Diagnosis and Treatment Guidelines for Helicobacter pylori Infection in Korea.
10.4166/kjg.2009.54.5.269
- Author:
Nayoung KIM
1
;
Jae J KIM
;
Yon Ho CHOE
;
Hyun Soo KIM
;
Jin Il KIM
;
In Sik CHUNG
Author Information
1. Department of Internal Medicine, Seoul National University College of Medicine, Seoul National University Bundang Hospital, Seongnam, Korea.

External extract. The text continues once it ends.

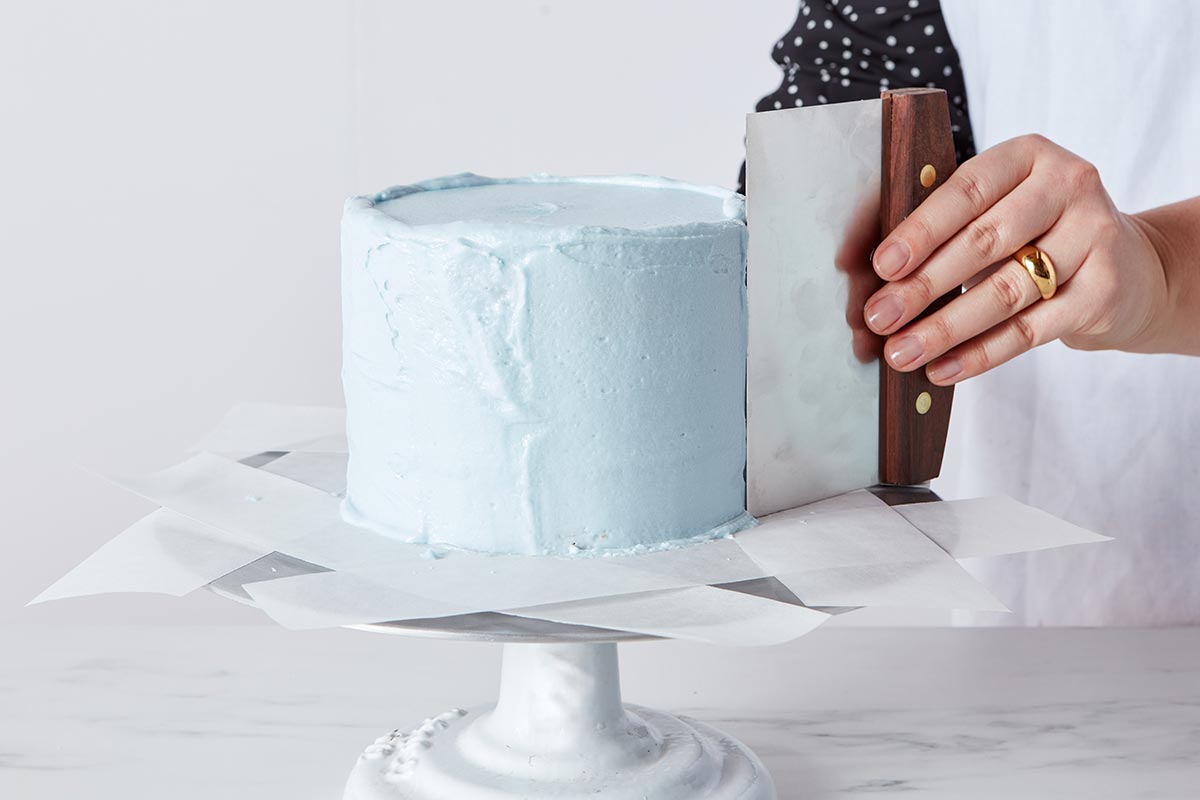 Using bench knife to smooth frosting on cake sides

- Publication Type:Review ; English Abstract ; Practice Guideline
- Keywords:
Helicobactor pylori;
Diagnosis;
Treatment;
Guideline
- MeSH:
Amoxicillin/therapeutic use;
Antacids/therapeutic use;
Anti-Infective Agents/therapeutic use;
Bismuth/therapeutic use;
Breath Tests;
Clarithromycin/therapeutic use;
Enzyme-Linked Immunosorbent Assay;
Gastroscopy;
Helicobacter Infections/*diagnosis/*drug therapy;
*Helicobacter pylori;
Humans;
Metronidazole/therapeutic use;
Peptic Ulcer/diagnosis;
Proton Pump Inhibitors/therapeutic use;
Stomach Neoplasms/diagnosis;
Tetracycline/therapeutic use
- From:The Korean Journal of Gastroenterology
2009;54(5):269-278
- CountryRepublic of Korea
- Language:Korean
-
Abstract:
Eleven years has passed since the guideline of the Korean College of Helicobacter and Upper Gastrointestinal Research group for H. pyori infection was produced in 1998. During this period the research for H. pyori has much progressed that H. pyori is now regarded as the major cause of gastric cancer. The seroprevalence of H. pyori in Korea was found to be decreased especially below the age of 40's and in the area of Seoul.Gyeonggi province, and annual reinfection rate of H. pyori has decreased up to 2.94%. In the aspect of diagnostic tests of H. pyori the biopsy is recommended in the body instead of antrum in the subjects with atrophic gastritis and/or intestinal metaplasia for the modified Giemsa staining or Warthin Starry silver staining. The urea breath test is the test of choice to confirm eradication when follow-up endoscopy is not necessary. Definite indication for H. pyori eradication is early gastric cancer in addition to the previous indications of peptic ulcer including scar and Marginal zone B cell lymphoma (MALT type). Treatment is also recommended for the relatives of gastric cancer patient, unexplained iron deficiency anemia, and chronic idiopathic thrombocytopenic purpura. One or two week treatment of proton pump inhibitor (PPI) based triple therapy consisting of one PPI and two antibiotics, clarithromycin and amoxicillin, is recommended as the first line treatment regimen. In the case of treatment failure, one or two weeks of quadruple therapy (PPI+metronidazole+tetracycline+bismuth) is recommended. Herein, Korean College of Helicobactor and Upper Gastrointestinal Research proposes a diagnostic and treatment guideline based on currently available evidence.